**What is required**.
Print out all of the data below, keeping it identical to the original.

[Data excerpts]
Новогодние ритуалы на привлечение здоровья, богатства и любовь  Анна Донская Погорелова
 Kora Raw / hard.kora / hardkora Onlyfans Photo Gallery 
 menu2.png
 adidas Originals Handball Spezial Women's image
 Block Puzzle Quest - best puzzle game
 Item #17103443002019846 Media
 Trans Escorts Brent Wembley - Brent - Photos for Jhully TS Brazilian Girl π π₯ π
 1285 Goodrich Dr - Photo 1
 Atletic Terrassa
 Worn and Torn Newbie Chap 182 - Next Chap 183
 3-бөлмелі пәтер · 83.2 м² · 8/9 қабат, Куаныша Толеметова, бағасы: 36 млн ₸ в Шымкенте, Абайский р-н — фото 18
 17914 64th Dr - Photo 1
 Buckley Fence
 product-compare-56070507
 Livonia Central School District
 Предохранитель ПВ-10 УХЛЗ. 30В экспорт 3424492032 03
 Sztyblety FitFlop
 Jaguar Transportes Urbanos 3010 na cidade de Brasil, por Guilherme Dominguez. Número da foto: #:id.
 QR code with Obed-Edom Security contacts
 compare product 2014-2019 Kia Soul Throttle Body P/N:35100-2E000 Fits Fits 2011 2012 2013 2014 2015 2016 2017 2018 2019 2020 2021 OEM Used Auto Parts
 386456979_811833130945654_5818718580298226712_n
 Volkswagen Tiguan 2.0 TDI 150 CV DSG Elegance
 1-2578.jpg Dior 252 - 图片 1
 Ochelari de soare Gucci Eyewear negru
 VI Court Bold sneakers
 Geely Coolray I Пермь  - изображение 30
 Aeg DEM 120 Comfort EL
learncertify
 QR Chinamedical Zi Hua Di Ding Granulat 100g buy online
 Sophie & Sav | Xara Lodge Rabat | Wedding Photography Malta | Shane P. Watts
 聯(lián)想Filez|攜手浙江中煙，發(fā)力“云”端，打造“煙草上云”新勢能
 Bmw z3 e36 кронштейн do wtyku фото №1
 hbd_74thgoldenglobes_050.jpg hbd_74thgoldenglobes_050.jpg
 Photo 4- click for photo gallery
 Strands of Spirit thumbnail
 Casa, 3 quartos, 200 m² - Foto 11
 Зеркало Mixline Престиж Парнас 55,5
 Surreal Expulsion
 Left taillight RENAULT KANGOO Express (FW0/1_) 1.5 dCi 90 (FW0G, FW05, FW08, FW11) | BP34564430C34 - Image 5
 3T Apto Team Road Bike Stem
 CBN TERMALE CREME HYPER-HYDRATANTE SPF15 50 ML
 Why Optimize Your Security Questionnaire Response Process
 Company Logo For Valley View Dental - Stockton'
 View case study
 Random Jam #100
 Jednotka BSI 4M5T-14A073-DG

**Answer for this exercise**.
Новогодние ритуалы на привлечение здоровья, богатства и любовь  Анна Донская Погорелова
 Kora Raw / hard.kora / hardkora Onlyfans Photo Gallery 
 menu2.png
 adidas Originals Handball Spezial Women's image
 Block Puzzle Quest - best puzzle game
 Item #17103443002019846 Media
 Trans Escorts Brent Wembley - Brent - Photos for Jhully TS Brazilian Girl π π₯ π
 1285 Goodrich Dr - Photo 1
 Atletic Terrassa
 Worn and Torn Newbie Chap 182 - Next Chap 183
 3-бөлмелі пәтер · 83.2 м² · 8/9 қабат, Куаныша Толеметова, бағасы: 36 млн ₸ в Шымкенте, Абайский р-н — фото 18
 17914 64th Dr - Photo 1
 Buckley Fence
 product-compare-56070507
 Livonia Central School District
 Предохранитель ПВ-10 УХЛЗ. 30В экспорт 3424492032 03
 Sztyblety FitFlop
 Jaguar Transportes Urbanos 3010 na cidade de Brasil, por Guilherme Dominguez. Número da foto: #:id.
 QR code with Obed-Edom Security contacts
 compare product 2014-2019 Kia Soul Throttle Body P/N:35100-2E000 Fits Fits 2011 2012 2013 2014 2015 2016 2017 2018 2019 2020 2021 OEM Used Auto Parts
 386456979_811833130945654_5818718580298226712_n
 Volkswagen Tiguan 2.0 TDI 150 CV DSG Elegance
 1-2578.jpg Dior 252 - 图片 1
 Ochelari de soare Gucci Eyewear negru
 VI Court Bold sneakers
 Geely Coolray I Пермь  - изображение 30
 Aeg DEM 120 Comfort EL
learncertify
 QR Chinamedical Zi Hua Di Ding Granulat 100g buy online
 Sophie & Sav | Xara Lodge Rabat | Wedding Photography Malta | Shane P. Watts
 聯(lián)想Filez|攜手浙江中煙，發(fā)力“云”端，打造“煙草上云”新勢能
 Bmw z3 e36 кронштейн do wtyku фото №1
 hbd_74thgoldenglobes_050.jpg hbd_74thgoldenglobes_050.jpg
 Photo 4- click for photo gallery
 Strands of Spirit thumbnail
 Casa, 3 quartos, 200 m² - Foto 11
 Зеркало Mixline Престиж Парнас 55,5
 Surreal Expulsion
 Left taillight RENAULT KANGOO Express (FW0/1_) 1.5 dCi 90 (FW0G, FW05, FW08, FW11) | BP34564430C34 - Image 5
 3T Apto Team Road Bike Stem
 CBN TERMALE CREME HYPER-HYDRATANTE SPF15 50 ML
 Why Optimize Your Security Questionnaire Response Process
 Company Logo For Valley View Dental - Stockton'
 View case study
 Random Jam #100
 Jednotka BSI 4M5T-14A073-DG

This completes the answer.